*** Opening Exercise data ***
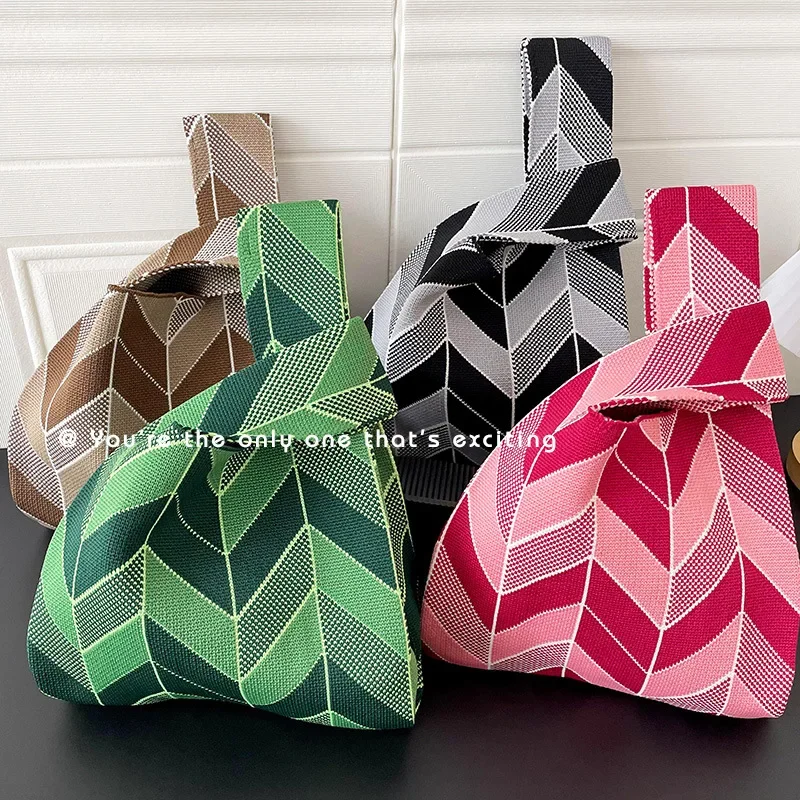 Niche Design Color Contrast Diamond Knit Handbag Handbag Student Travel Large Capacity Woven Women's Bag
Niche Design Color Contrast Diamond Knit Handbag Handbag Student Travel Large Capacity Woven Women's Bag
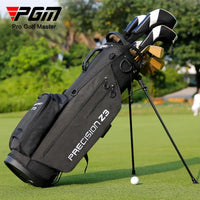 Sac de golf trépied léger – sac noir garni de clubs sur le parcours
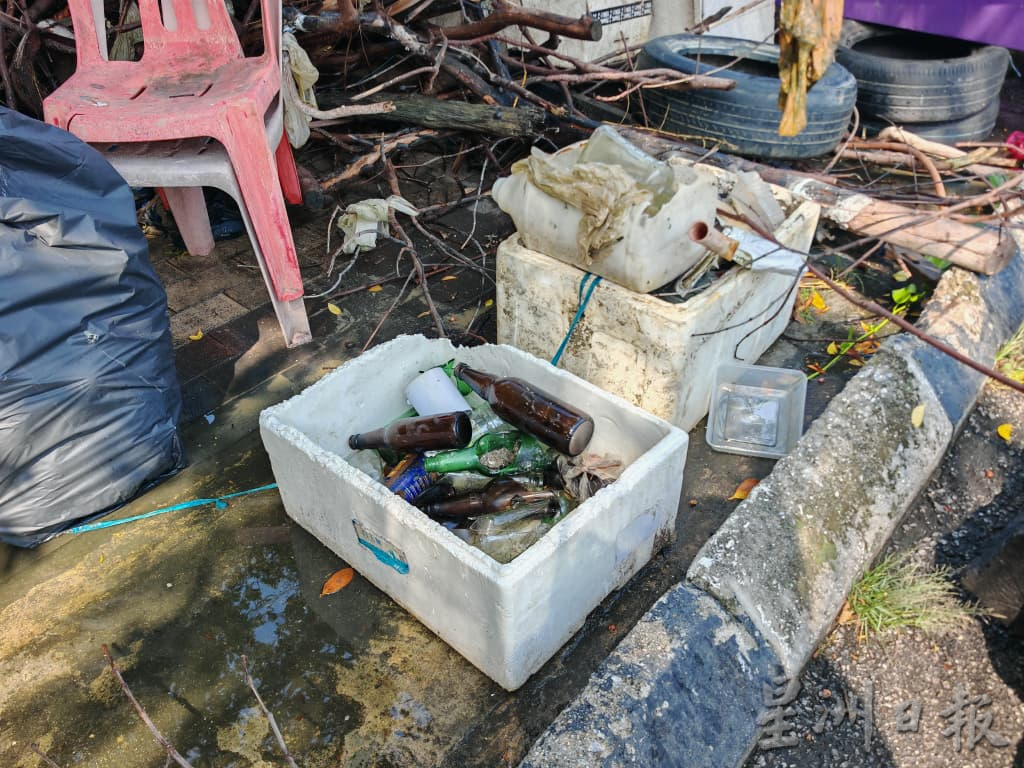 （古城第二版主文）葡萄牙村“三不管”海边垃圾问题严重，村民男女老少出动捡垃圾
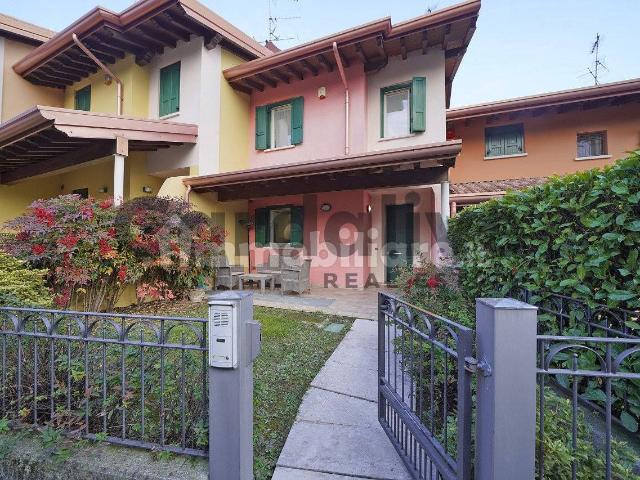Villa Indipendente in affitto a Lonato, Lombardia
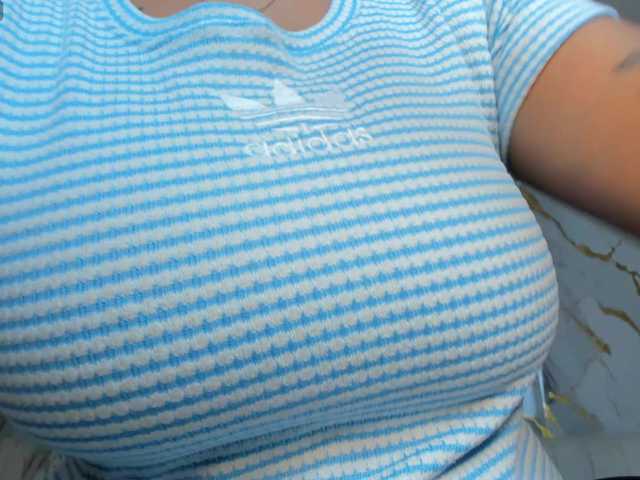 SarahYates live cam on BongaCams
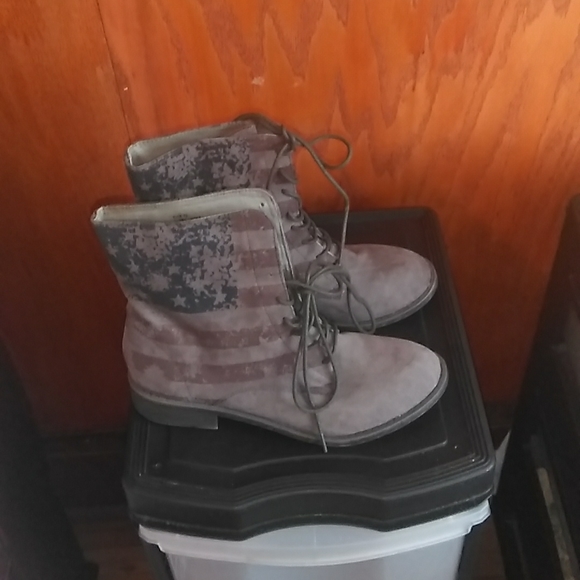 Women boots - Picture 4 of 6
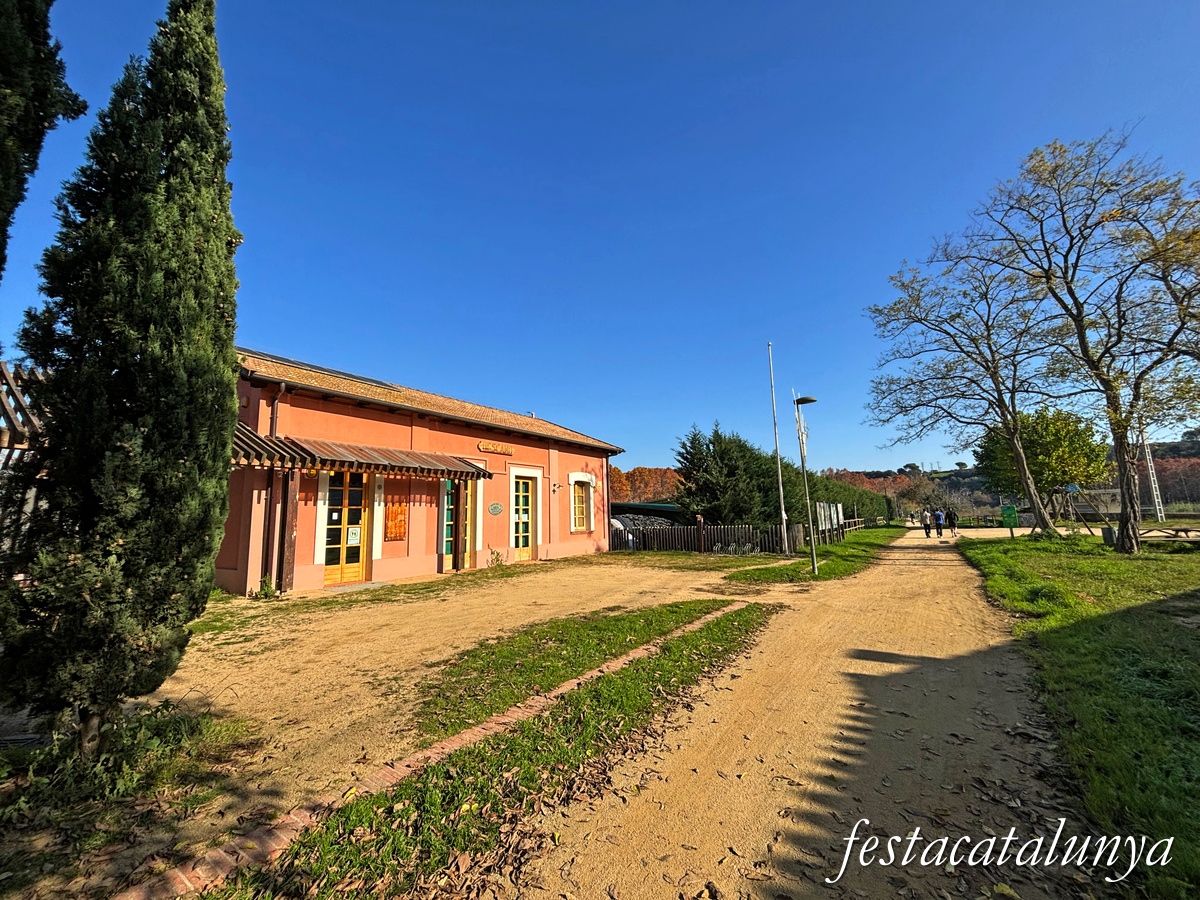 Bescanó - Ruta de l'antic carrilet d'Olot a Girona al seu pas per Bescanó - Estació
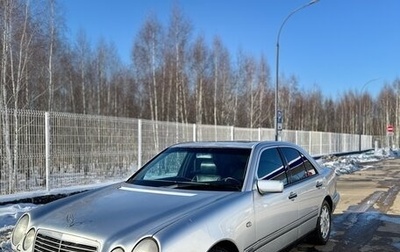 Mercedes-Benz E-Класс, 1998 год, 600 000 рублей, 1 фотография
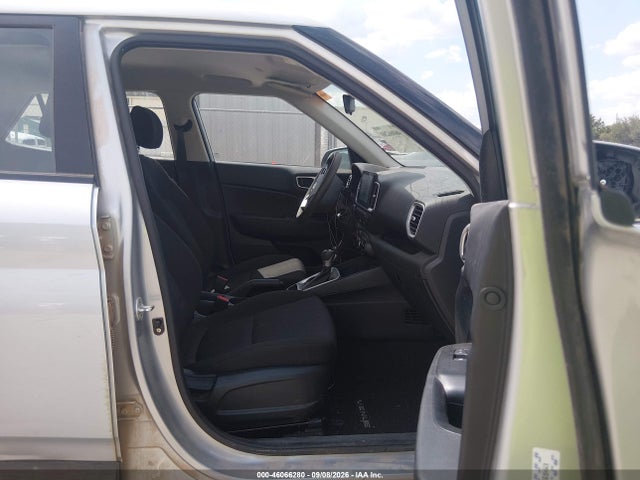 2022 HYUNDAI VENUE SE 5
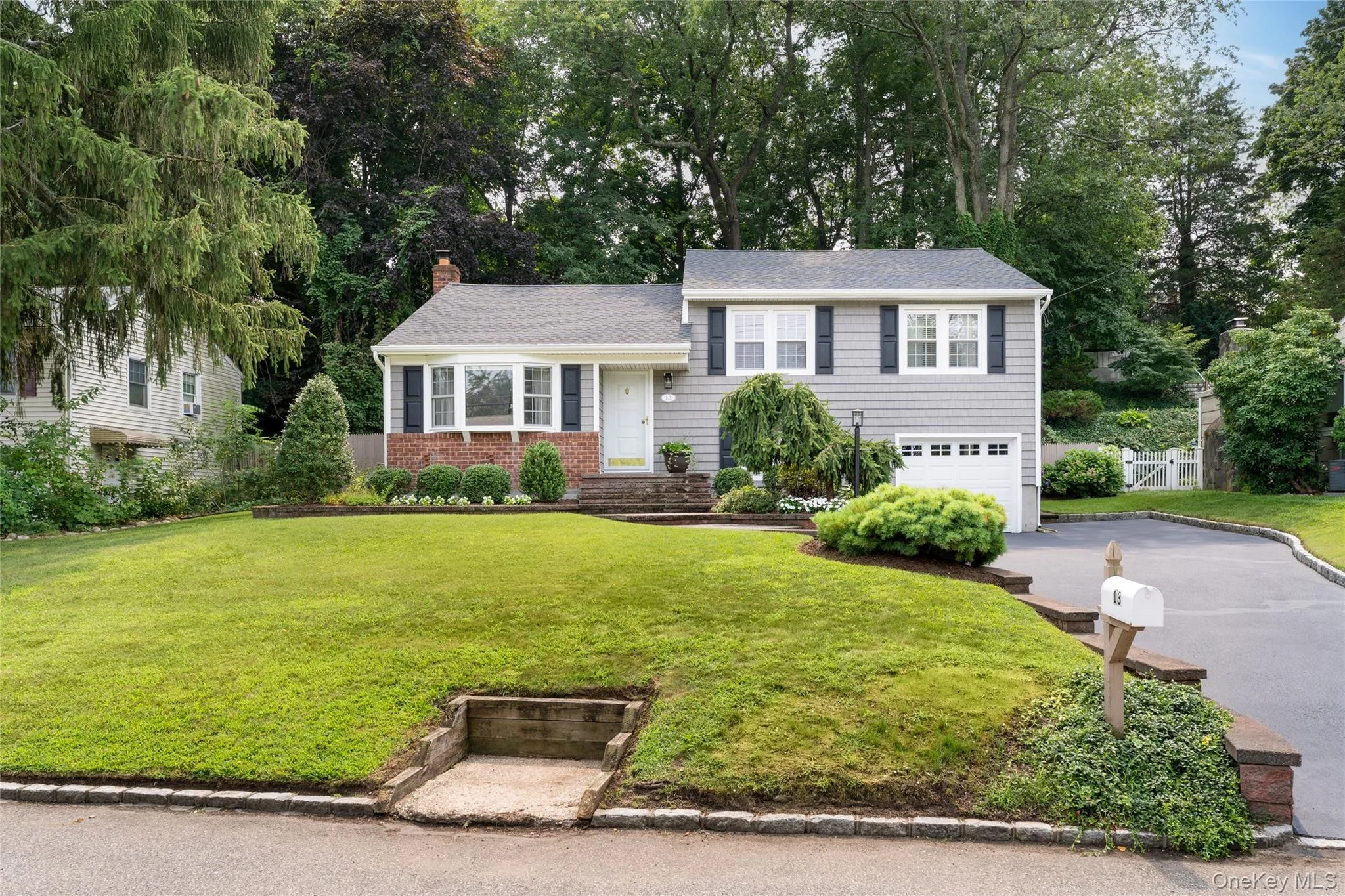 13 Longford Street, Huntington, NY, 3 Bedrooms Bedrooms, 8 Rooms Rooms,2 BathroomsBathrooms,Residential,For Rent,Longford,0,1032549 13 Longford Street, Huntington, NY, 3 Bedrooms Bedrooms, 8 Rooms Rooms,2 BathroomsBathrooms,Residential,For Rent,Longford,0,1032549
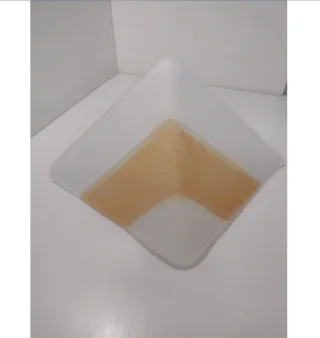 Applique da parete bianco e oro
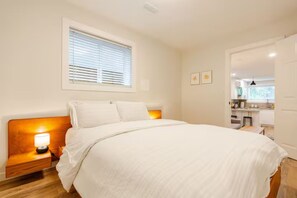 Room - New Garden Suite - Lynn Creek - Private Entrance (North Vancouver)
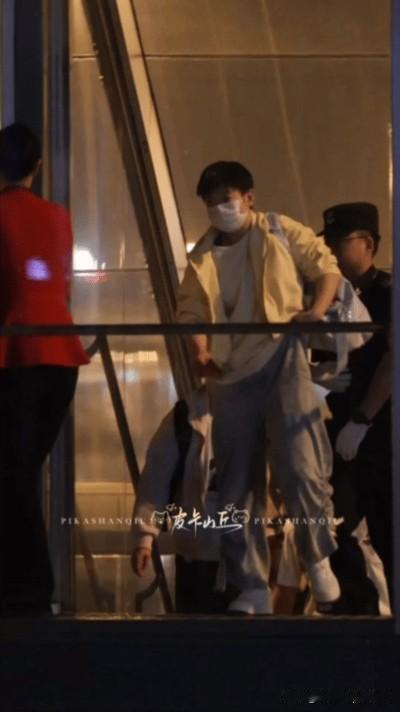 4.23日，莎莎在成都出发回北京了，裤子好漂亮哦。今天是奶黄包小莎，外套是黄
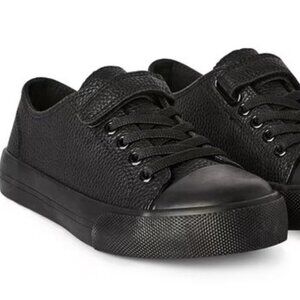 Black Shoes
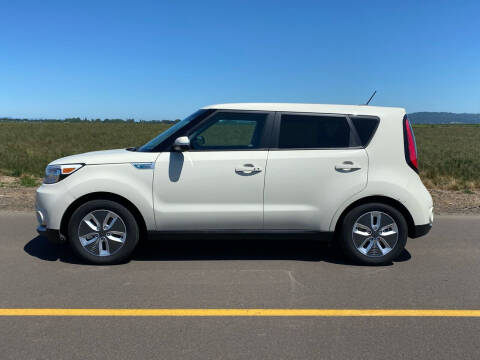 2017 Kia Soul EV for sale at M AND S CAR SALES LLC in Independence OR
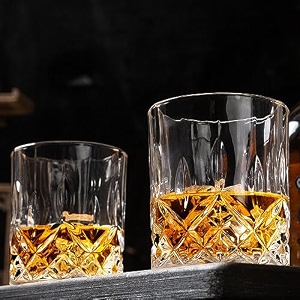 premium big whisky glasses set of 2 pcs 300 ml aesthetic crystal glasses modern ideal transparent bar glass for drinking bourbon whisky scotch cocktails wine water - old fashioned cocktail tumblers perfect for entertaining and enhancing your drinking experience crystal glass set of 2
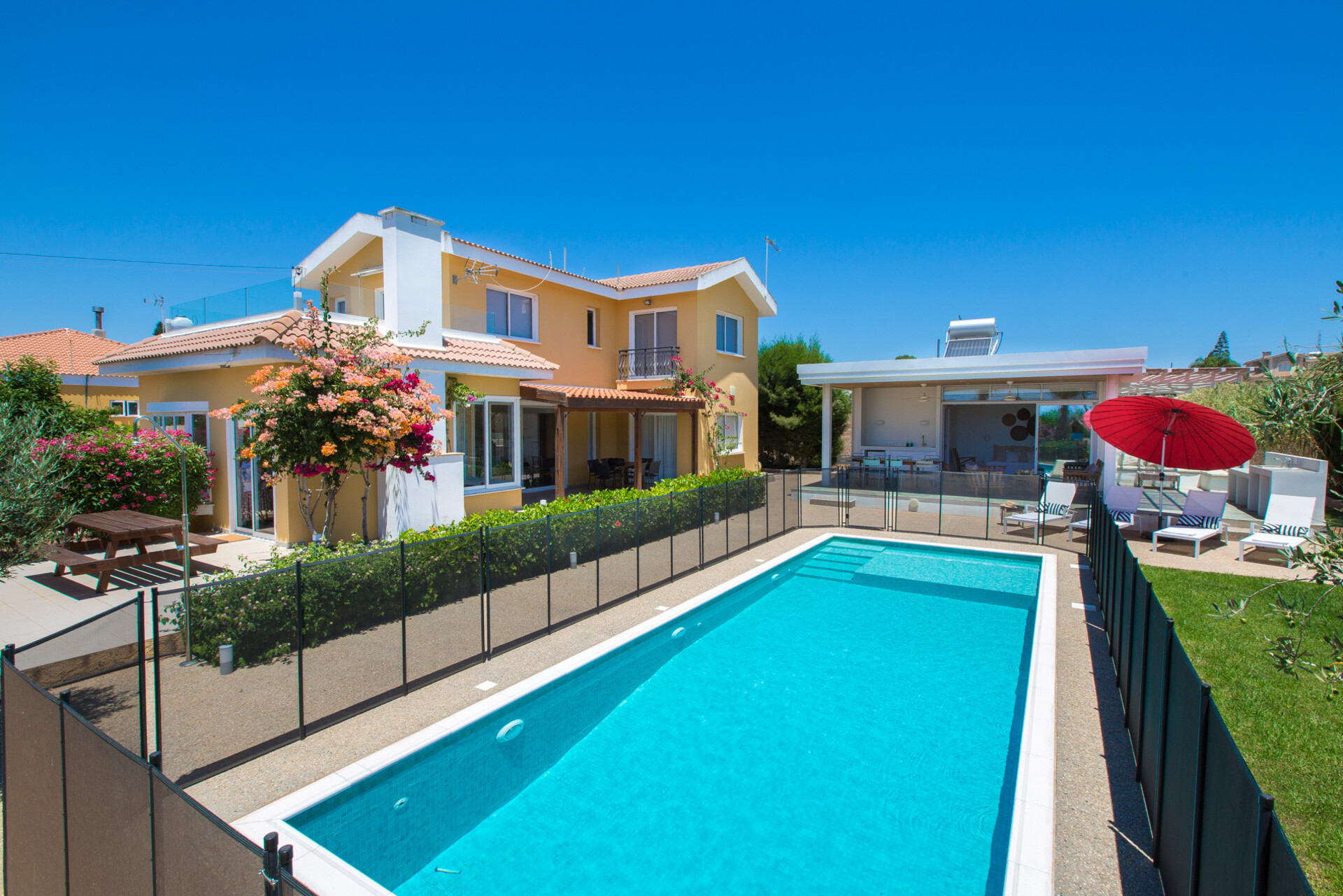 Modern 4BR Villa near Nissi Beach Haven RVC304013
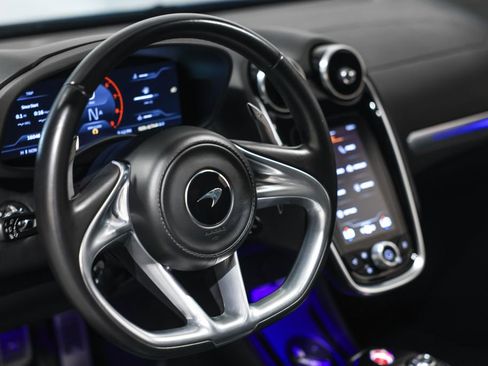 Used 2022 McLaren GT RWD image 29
*** Closing Exercise data ***
Assignment:
Print the entries above exactly, taking out only the pictures.

The answer:
 Niche Design Color Contrast Diamond Knit Handbag Handbag Student Travel Large Capacity Woven Women's Bag
Niche Design Color Contrast Diamond Knit Handbag Handbag Student Travel Large Capacity Woven Women's Bag
 Sac de golf trépied léger – sac noir garni de clubs sur le parcours
 （古城第二版主文）葡萄牙村“三不管”海边垃圾问题严重，村民男女老少出动捡垃圾
Villa Indipendente in affitto a Lonato, Lombardia
 SarahYates live cam on BongaCams
 Women boots - Picture 4 of 6
 Bescanó - Ruta de l'antic carrilet d'Olot a Girona al seu pas per Bescanó - Estació
 Mercedes-Benz E-Класс, 1998 год, 600 000 рублей, 1 фотография
 2022 HYUNDAI VENUE SE 5
 13 Longford Street, Huntington, NY, 3 Bedrooms Bedrooms, 8 Rooms Rooms,2 BathroomsBathrooms,Residential,For Rent,Longford,0,1032549 13 Longford Street, Huntington, NY, 3 Bedrooms Bedrooms, 8 Rooms Rooms,2 BathroomsBathrooms,Residential,For Rent,Longford,0,1032549
 Applique da parete bianco e oro
 Room - New Garden Suite - Lynn Creek - Private Entrance (North Vancouver)
 4.23日，莎莎在成都出发回北京了，裤子好漂亮哦。今天是奶黄包小莎，外套是黄
 Black Shoes
 2017 Kia Soul EV for sale at M AND S CAR SALES LLC in Independence OR
 premium big whisky glasses set of 2 pcs 300 ml aesthetic crystal glasses modern ideal transparent bar glass for drinking bourbon whisky scotch cocktails wine water - old fashioned cocktail tumblers perfect for entertaining and enhancing your drinking experience crystal glass set of 2
 Modern 4BR Villa near Nissi Beach Haven RVC304013
 Used 2022 McLaren GT RWD image 29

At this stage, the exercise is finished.